Something’s Missing in Webdesign

by Khoi Vinh.
I didn’t know it but Vinh is the design director of NYtimes.com(whoa).
I was more inspired by a comment left by Jeff Croft who talked about being annoyed by CSS “gurus” who wiffle endlessly

about technique and seem to skip over design. He feels they are not designers or that they spend way too much time talking about their techniques rather than discussing elements of their designs…but I don’t quite know how one can make a layout work (look good and function) without knowing some cold, hard css and html, or xhtml techniques!

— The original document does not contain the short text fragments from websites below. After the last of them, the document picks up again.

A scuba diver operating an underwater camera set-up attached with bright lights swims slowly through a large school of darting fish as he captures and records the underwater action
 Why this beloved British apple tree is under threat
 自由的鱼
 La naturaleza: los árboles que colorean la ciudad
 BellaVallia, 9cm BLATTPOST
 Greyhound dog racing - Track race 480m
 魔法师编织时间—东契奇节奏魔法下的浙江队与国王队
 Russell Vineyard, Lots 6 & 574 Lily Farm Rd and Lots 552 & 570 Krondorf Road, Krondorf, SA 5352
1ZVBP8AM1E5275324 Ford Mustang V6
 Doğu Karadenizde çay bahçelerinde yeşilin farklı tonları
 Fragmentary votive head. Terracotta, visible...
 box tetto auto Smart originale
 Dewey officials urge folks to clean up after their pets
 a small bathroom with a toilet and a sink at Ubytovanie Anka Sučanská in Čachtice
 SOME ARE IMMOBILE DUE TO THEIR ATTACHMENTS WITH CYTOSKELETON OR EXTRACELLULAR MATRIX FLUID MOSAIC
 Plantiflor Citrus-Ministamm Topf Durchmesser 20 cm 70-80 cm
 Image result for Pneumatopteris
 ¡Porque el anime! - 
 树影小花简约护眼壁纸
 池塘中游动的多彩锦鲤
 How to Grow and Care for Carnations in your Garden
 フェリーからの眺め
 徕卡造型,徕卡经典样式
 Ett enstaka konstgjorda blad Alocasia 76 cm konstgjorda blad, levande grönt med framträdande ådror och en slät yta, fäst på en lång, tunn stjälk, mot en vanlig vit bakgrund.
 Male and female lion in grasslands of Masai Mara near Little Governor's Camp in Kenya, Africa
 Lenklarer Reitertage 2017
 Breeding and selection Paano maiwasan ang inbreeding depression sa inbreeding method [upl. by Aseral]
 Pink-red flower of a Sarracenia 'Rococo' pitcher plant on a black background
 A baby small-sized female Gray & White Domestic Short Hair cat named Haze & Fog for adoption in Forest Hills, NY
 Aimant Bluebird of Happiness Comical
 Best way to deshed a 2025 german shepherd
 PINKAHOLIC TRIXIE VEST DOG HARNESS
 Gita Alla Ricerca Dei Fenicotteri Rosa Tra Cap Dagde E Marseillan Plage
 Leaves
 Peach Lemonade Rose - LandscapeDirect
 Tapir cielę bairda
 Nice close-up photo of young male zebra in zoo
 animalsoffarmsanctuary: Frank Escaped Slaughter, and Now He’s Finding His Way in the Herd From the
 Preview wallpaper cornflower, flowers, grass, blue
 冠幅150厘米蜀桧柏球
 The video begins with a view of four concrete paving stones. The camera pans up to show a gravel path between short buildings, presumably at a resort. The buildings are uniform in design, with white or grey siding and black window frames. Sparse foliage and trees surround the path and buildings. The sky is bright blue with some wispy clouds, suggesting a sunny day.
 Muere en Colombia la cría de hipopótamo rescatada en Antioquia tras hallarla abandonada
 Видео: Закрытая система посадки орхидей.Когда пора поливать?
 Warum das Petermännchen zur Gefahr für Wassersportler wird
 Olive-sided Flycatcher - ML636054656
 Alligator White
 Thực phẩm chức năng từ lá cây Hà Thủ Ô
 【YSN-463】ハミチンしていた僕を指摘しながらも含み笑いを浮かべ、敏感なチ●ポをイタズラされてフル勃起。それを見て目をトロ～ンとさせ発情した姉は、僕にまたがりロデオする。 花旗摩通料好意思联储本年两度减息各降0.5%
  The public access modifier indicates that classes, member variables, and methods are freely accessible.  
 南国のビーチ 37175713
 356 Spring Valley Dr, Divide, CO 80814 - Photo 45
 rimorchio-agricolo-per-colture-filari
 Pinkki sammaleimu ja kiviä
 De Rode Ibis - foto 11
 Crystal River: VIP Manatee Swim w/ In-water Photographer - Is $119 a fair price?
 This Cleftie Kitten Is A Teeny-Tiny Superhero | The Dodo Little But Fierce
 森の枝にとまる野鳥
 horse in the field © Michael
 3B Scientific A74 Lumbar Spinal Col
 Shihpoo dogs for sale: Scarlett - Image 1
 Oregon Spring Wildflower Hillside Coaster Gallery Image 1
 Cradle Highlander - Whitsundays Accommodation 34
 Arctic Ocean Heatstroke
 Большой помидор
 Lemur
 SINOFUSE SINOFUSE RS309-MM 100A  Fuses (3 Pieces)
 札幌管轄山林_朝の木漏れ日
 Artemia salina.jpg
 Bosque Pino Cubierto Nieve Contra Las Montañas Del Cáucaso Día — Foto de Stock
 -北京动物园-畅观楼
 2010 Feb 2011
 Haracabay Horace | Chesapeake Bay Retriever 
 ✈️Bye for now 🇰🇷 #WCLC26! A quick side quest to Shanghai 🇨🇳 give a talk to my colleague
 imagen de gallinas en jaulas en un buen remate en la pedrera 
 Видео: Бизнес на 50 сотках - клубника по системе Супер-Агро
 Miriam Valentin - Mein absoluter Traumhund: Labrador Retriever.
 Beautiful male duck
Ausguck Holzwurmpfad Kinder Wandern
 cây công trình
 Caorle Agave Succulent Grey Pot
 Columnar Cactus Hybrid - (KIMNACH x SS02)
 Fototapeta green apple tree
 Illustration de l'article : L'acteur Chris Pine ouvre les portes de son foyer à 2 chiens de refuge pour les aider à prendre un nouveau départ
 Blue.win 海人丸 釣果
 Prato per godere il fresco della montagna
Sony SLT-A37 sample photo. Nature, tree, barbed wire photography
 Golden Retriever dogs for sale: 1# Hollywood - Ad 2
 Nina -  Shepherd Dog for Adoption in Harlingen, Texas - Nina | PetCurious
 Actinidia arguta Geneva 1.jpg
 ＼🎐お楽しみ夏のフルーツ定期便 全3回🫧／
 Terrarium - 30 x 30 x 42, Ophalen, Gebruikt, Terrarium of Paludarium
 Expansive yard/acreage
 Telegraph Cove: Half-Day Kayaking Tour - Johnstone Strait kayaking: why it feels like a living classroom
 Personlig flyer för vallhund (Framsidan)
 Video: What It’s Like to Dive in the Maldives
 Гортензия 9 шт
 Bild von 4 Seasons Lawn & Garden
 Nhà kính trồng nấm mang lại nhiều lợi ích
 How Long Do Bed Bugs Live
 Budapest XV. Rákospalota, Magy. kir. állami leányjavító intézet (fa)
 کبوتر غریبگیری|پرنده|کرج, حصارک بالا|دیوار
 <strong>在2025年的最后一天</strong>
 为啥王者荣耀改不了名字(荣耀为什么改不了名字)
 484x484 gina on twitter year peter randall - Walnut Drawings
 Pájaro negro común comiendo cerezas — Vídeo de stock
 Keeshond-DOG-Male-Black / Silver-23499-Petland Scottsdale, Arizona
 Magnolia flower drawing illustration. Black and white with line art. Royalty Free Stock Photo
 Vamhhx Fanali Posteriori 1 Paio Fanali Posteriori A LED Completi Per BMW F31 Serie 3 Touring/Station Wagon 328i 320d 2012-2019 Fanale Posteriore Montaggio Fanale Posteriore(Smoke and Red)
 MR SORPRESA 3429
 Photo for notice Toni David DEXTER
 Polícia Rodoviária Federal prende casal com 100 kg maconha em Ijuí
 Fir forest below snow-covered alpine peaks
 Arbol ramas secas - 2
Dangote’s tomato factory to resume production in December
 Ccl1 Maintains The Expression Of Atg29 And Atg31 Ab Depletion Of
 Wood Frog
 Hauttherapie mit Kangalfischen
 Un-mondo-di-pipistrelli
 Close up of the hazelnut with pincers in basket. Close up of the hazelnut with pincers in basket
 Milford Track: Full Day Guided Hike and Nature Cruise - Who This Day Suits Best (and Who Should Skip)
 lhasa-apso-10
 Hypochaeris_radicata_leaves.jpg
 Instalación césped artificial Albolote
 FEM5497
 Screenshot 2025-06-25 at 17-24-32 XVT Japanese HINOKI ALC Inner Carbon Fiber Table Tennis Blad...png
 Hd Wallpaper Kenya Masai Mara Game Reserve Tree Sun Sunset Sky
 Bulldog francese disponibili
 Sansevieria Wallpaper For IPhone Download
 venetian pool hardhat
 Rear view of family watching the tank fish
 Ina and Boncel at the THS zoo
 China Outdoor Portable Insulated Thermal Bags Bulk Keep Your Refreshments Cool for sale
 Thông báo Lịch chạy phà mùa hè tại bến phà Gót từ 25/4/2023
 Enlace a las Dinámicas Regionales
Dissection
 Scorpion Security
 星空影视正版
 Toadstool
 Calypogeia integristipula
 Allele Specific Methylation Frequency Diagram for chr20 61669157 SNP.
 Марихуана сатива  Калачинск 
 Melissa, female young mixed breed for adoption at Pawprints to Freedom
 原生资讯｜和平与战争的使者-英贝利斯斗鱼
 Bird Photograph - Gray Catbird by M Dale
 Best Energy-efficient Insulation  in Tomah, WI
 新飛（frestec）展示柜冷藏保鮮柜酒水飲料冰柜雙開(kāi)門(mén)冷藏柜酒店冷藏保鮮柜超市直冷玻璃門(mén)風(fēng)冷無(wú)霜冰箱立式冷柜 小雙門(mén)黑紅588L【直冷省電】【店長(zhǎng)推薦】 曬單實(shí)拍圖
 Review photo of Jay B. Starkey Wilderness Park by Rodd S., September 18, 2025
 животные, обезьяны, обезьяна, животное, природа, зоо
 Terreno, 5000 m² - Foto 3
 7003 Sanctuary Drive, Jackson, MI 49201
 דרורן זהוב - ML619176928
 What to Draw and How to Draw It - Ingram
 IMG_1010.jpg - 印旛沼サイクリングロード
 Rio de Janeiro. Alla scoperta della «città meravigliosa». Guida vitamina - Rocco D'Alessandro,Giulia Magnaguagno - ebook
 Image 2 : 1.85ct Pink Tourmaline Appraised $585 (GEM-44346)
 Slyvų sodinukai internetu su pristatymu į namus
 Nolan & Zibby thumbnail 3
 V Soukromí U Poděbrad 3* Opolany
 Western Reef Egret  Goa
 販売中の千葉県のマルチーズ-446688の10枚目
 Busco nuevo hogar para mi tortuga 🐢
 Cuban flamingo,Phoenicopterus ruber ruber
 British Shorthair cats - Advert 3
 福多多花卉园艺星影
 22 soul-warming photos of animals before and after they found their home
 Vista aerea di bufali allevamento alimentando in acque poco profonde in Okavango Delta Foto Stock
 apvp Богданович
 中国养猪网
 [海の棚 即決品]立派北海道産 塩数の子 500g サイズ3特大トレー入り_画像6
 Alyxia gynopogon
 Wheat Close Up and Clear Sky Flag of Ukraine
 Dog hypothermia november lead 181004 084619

Perhaps “semantic mark-up studs”, Mr.Crofts words, spend so much time talking about how to do things the right way rather than why they do things reflects more on the difficulty of getting one’s idea to translate successfully on a cross browser basis.
Now that browsers are getting better at serving up our original intentions (which is all just code, by the way) rather than throwing roadblocks in our paths-maybe soon we can talk only about the whys of our design and not the hows of it.
I began thinking of the chicken or the egg problem but in this case it isn’t that at all.You will not be a good designer unless you can code.
Web design is code. If it’s beautiful or astonishing and above all new,all the better.